Excerpted data
------------------------------------------------------------
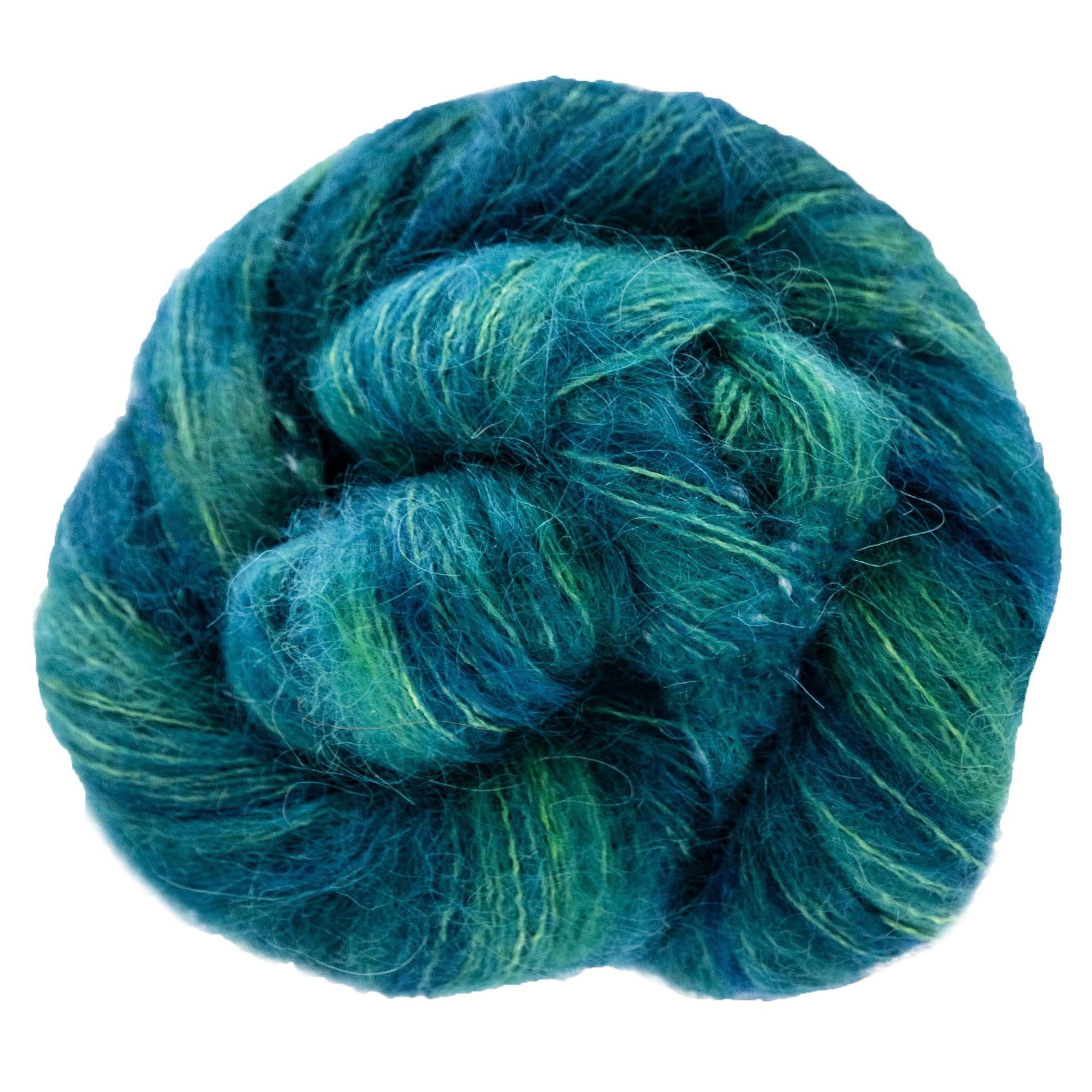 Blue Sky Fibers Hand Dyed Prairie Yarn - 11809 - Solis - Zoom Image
------------------------------------------------------------
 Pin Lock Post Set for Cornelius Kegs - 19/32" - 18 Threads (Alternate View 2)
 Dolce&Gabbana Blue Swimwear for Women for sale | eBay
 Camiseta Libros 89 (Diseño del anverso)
------------------------------------------------------------
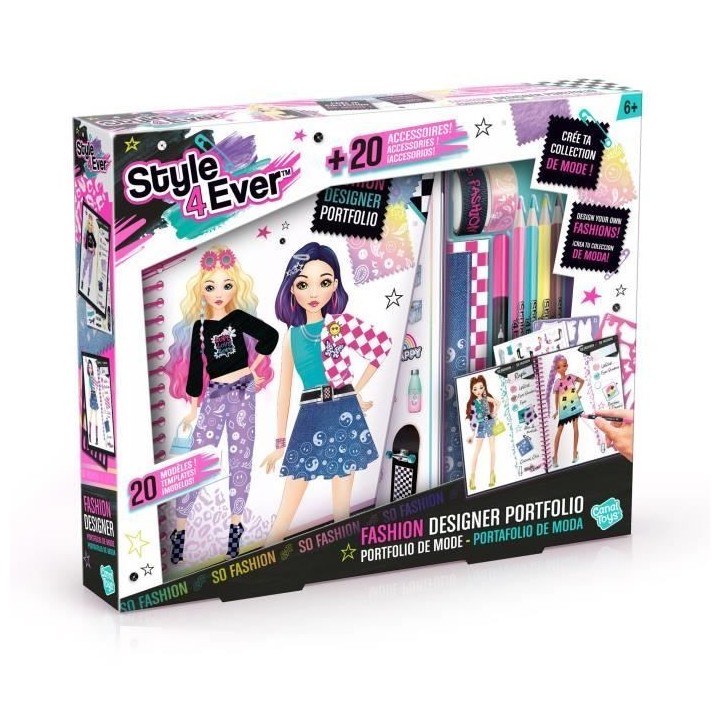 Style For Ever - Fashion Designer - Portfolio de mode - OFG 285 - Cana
------------------------------------------------------------
Action item
Taking the entries above, restate exactly those lines that fall between the line with "Dolce&Gabbana Blue Swimwear" and the line with "Camiseta Libros 89 (Diseño del anverso)", keeping both of those lines too.

Exercise result
 Dolce&Gabbana Blue Swimwear for Women for sale | eBay
 Camiseta Libros 89 (Diseño del anverso)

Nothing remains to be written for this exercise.